Verwendungsanlass und zur Zielgruppe den Kunden umkreisen. Eine folgerichtiger Schritt, weil Smartphones immer mehr zur "Fernbedienung des Lebens" (Gerrit Heinemann, Leiter des eWeb Research Centers der Hochschule Niederrhein) werden. Schon die Otto-Tochter Collins setzte bei "About you" auf maßgeschneiderte eigenständige Apps (Outfit-Planer, You & Idol), die für neue Zugänge in den Shop sorgen. Auch Adidas hat die Fitness-App  Runtastic ja nicht gekauft, um nur ein paar neue Jogging-Strecken kennenzulernen.

Mobile Basics

Eine gute mobile Usability sorgt für mehr Liebe durch Google. Allein diese Tatsache zeigt schon die wachsende Bedeutung von Mobile an.  Wer sich da weiter mit einem einigermaßen Handy-freundlichen Auftritt zufrieden gibt, der wird 2016 merken, dass er nicht nur bei Google, sondern auch beim Kunden schnell aus dem Rennen ist. Die Markenerfahrung beginnt künftig nämlich mobil. Und dabei geht es nicht nur um das Markenerlebnis und Funktionalität, sondern auch um Inspiration und die Komplexitätsreduktion. Die Grenze zwischen guten und erfolglosen mobilen Auftritten erfolgt 2016 nicht mehr entlang der Debatte um Responsive Design. Sie entscheidet sich an der Lösung der Vernetzung und Konnektivität zwischen Mobile, Webshop und Store, an der Integration aller Datenpunkte und der damit einhergehenden Personalisierung. Kontextuelle Technologien, Mikro-Location-Based–Services, Beacon und Co werden dabei 2016 bei den Gewinnern im stationären Handel auf der Haben-Seite stehen.

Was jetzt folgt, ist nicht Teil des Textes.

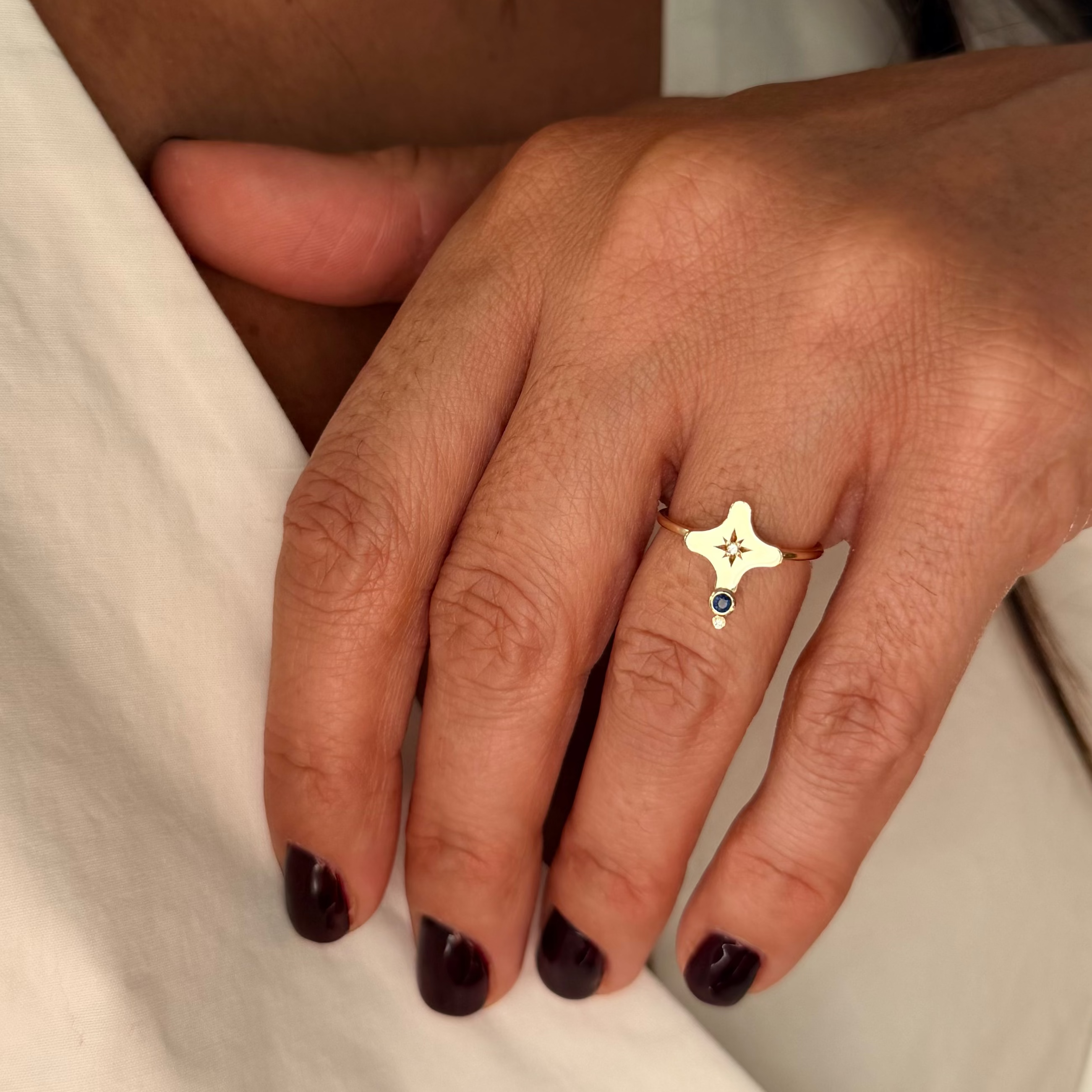 14K Gold Small Star-Shaped Diamond Star Ring with Sapphire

"We are no longer in a mobile first world, we are in a mobile only world.” Larry Page, Google


Selfie Payment

Mobile Payment für 2016 zum großen Trend zu erklären, ist vielleicht noch ein bisschen optimistisch. Aber man wird ja noch träumen dürfen. Kein Traum bleibt das Selfie-Payment. Der Kreditkarten-Anbieter Mastercard testet derzeit das Authentifizierung-System in einem Pilotprogramm. Roll-out in den USA ist im kommenden Jahr. Der Rest der Welt folgt 2017. Dass man da auch den Daumen nehmen könnte, meinen auch nur ältere Herren wie meiner einer. Die Identifizierung per Foto dürfte die Selfie-Generation viel cooler finden. So könnte am Ende doch ein wenig Spaß ins bislang dröge mobile Bezahlen kommen. Starbucks, PayPal und Alibaba arbeiten an ähnlichen Lösungen. Meine Wette: In Europa wird Mobile Payment 2018 ein ernsthaftes Thema für den Kunden - auch wenn der jetzt schon sagt "Bargeld nervt ...".

The Internet of Things

Auch wenn wir gerade mit Fitness-Armbändern, der Apple-Watch und dem Amazon Dash Button die ersten Frühlingsboten der Wearables und des Internet der Dinge erleben, bleiben die Geräte für den Handel weitestgehend noch eine Aufgabe für die Zukunftsabteilung. Leider. Denn die Big Player werden dieses Feld jetzt besetzen und haben damit an einer Stelle der Customer Journey wieder einmal die Nase vorn. Und sammeln dabei Daten, mit denen sie ihre Marktmacht weiter ausbauen können.